Voz a ecoar pelas quebradas. Um rio. Já o imperador romano Marco Aurélio escrevia ser a vida qual rio torrentoso: mal acabas de ver a folhinha flutuante, ei-la que já lá vai e, em seu lugar, outra vem, em jeito de abalada. E importava parar.
No parque duma cidade ergueram monumento ao ancião: um banco igual ao banco onde ele passava as tardes a ver as águas gorgolejar, a ouvir as aves trinarem ao desafio: «O octogenário / sentou-se / num tronco / a meditar» (p. 75).
Para aí voou meu pensamento, ao saborear estes «poemas ocasionais».
Para um rio:
lavou avós lavou netos
regou no campo o esparteiro
rendilhou de verde os fetos
da cerca do fazendeiro (p. 24).
Para a Natureza:
na várzea dos olmos
os estorninhos
mostram-se esquivos:
sobem aos fios
e pousam
espreitam
em redor
receiam desafios (p. 74).
Para a humanidade sem inicial maiúscula. A meter bem fundo o dedo na ferida, para que sangre deveras:
de armas na mão
e drones no ar
sem tripulação
e sabem matar
corpo-computador
frio e desumano…
quem o manipula
diz-se um ser humano (p. 72).
Por isso, há
montes maninhos
verduras
transgénicas
frutas maduras
de intervenções
polémicas (p. 65).
Por aí vamos, embalados ao ritmo do soneto ou de rimas mais libertas, envoltas sempre, porém, numa suavidade que encanta.

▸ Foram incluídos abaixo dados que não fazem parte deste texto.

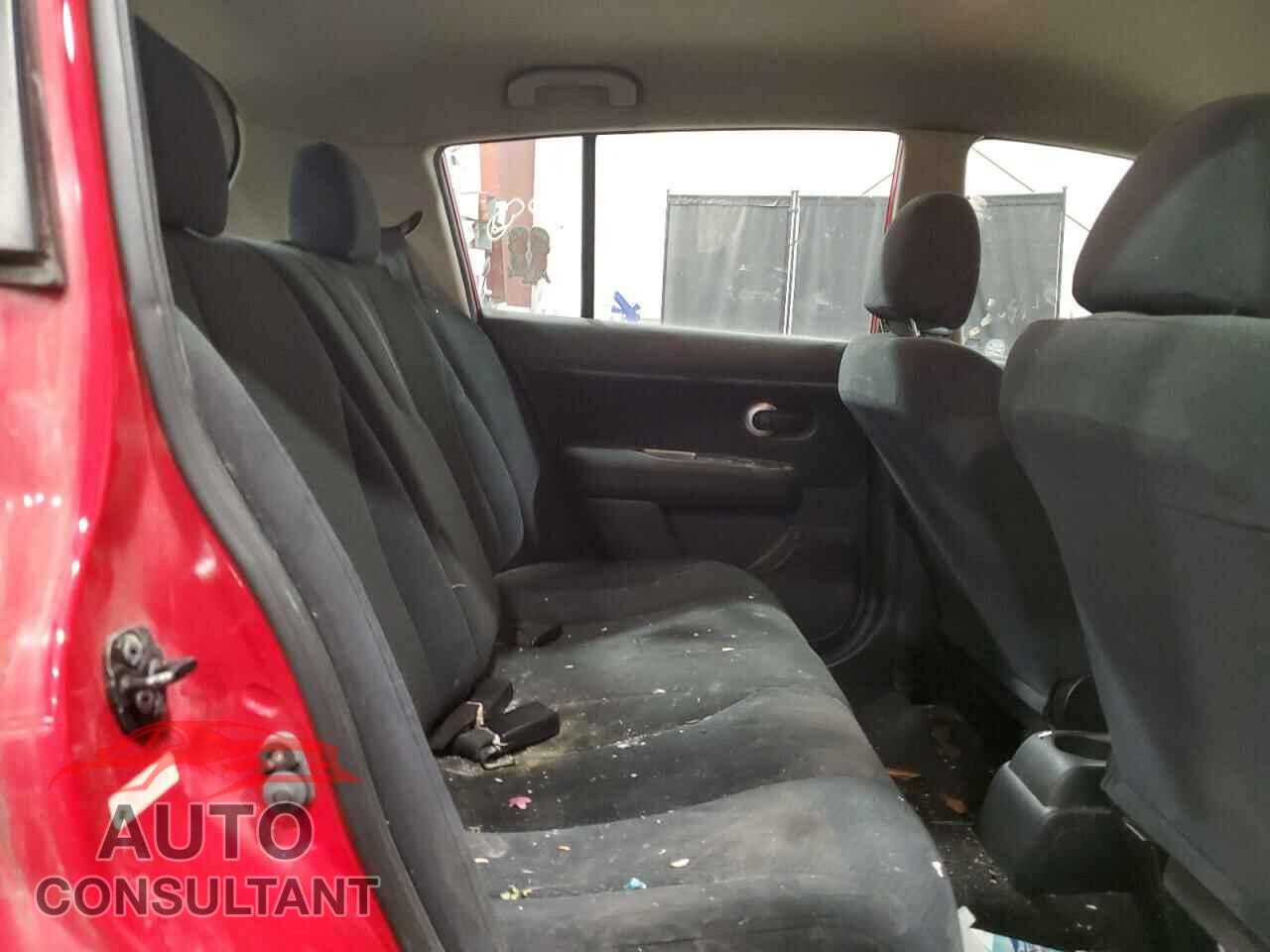 NISSAN VERSA 2012 - 3N1BC1CP0CK250076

Fazemos nosso o libelo contra os parasitas:
«Vérmina - disse o doutor, ao ser pelo doente consultado; vermes - disse o eleitor, ao ser, pelos que elegeu, parasitado» (p. 90).
Lamentamo-nos, evocando o Coriolano de Shakespeare:
«Eleito a falsas promessas, este no comando agora - ai, ai, Coriolano!... - eis, por fim, tudo às avessas, os cidadãos ao engano!» (p. 81).
Sentamo-nos ao relento com o sem-abrigo, a ver a Lua: «Tu tens uma cama quente», diz ele, «e a mim o que me ajuda é um travo de aguardente!» (p. 14).
Sonhamos ser o «construtor da habitação por vir, sem cerca ou alão de prevenir», porque «de todos tudo é e abundante será!» (p. 66); e sorriremos, confiantes de que, um dia, o «clarão aberto» vai mesmo deflagrar (p. 70), qual sereno desabrochar de «rosa rubra na lapela sobre o peito» (p. 92). Cumprir-se-á, assim, uma «última vontade», porque, entretanto, «da tundra ao Tibete», tu «disseste ao meu ouvido: ‘Amo-te!’» «e, do deserto, a cheiro a menta se evolou aos cumes mais elevados»… (p. 79).
É assim a poesia de Fernando Miguel Bernardes - na perspicaz atenção crítica ao que o rodeia. E as suas palavras são sibilantes flechas certeiras; o objectivo: pôr de novo inicial maiúscula na palavra Humanidade, ao lado de uma outra, que com ela deve rimar também: a Liberdade!